Time offsets for streaming audio transcriptions through Google Speech-To-Text are not working for me. My configuration looks like this:
const request = {
config: {
model: 'phoneCall',
maxAlternatives: 1, // for real-time, we always parse a single alternative.
enableWordTimeOffsets: true,
encoding: "MULAW",
sampleRateHertz: 8000,
languageCode: "en-GB"
interimResults: true
Once we get a handle on a WebSockets connection, we then set up our callback for transcriptions:
recognizeStream = client
.on("error", console.error)
.on("data", data => {
for (v in data.results[0].alternatives[0]) {
data.results[0].alternatives[0].words.forEach(wordInfo => {
// NOTE: If you have a time offset exceeding 2^32 seconds, use the
// wordInfo.{x}Time.seconds.high to calculate seconds.
const startSecs =
`${wordInfo.startTime.seconds}` +
'.' +
wordInfo.startTime.nanos / 100000000;
const endSecs =
`${wordInfo.endTime.seconds}` +
'.' +
wordInfo.endTime.nanos / 100000000;
console.log(`Word: ${wordInfo.word}`);
console.log(`\t ${startSecs} secs - ${endSecs} secs`);
Then when we get audio chunks, we do this:
where msg
is a JSON object parsed from a WebSockets message:
const msg = JSON.parse(message);
Unfortunately, the array data.results[0].alternatives[0].words
is always empty, even though the real-time transcriptions are working as expected.

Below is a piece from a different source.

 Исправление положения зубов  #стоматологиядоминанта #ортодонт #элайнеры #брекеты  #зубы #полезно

Has anyone verified that time offsets in fact work for streaming audio transcriptions with Google Speech-To-Text?
Incidentally, here is the git-repo for the nodejs API for Google Speech-To-Text.

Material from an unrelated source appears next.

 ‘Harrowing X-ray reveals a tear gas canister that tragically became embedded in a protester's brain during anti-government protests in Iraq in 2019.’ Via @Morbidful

The preponderance of evidence suggests that time offsets for words transcribed through Google Speech-To-Text are returned only when the bit is_final
is True
Said another way, timestamped word-boundaries for real-time transcriptions appear only to be available at the end of the transcription.
I know I am not the only API consumer out there asking for this feature. I can't imagine this is hard to do, and I suspect the fix would not break the current API.